Já o crédito pré-operacional, por exemplo, é quando o governo paga para a empresa instalar sua base e realizar obras na região. “O governo deixa de arrecadar para que ela faça a infraestrutura e a empresa nem sempre se faz onde precisa. Por exemplo, o nordeste e o norte goiano. A alma do incentivo é o desenvolvimento regional das localidades mais pobres. Se verificarmos hoje, as empresas incentivadas estão nos locais bons, como Goiânia e o sudeste goiano, locais que têm matéria prima, infraestrutura e quase tudo mais necessário. A desigualdade entre as regiões do Estado continua a mesma.”

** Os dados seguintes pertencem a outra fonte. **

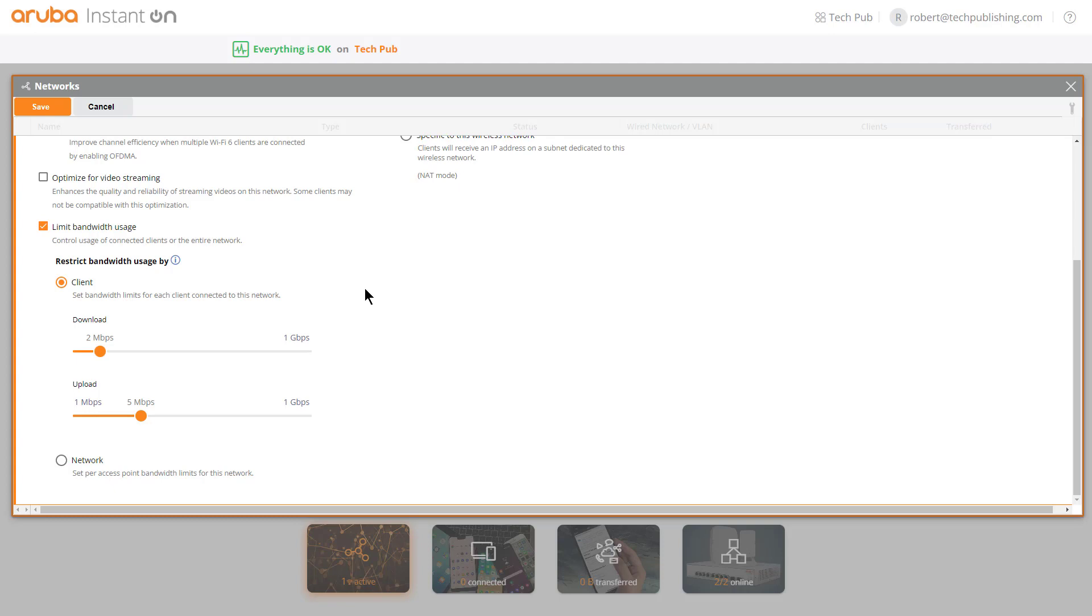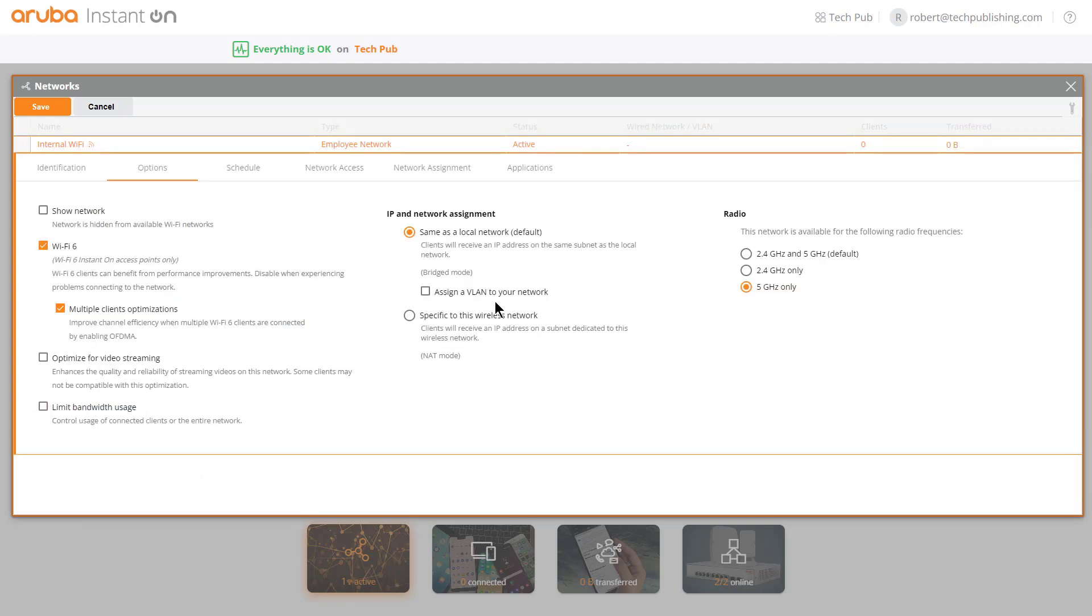There's also a way to do this by guest networks. You can go in when you create a guest network, which means guests can only access the internet and nothing else, and throttle the guest users rather than the internal users, which in many organizations makes more sense. If you change your mind on quality of service, just uncheck the box for limiting the bandwidth usage.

Para a promotora Leila, a CPI representa a esperança de uma nova forma de tratar os incentivos: “uma legislação mais transparente, mais simplificada e que dê para todo mundo entender, do empresário à pessoa leiga (…) Tem que ter transparência nessa legislação. Até os operadores do direito tem dificuldades de descobrir todas as minúcias porque é uma inflação de leis assustadora, sem necessidades. Junte tudo em um único programa e estabelecer uma lei, conceder por segmentos para que todos tenham, não só umas ou outras empresas. Não pode ter quebra de desigualdade entre o empresário. Os excessos de lei fazem que o poder público seja arbitrário, concedendo mais para uns que para outros.”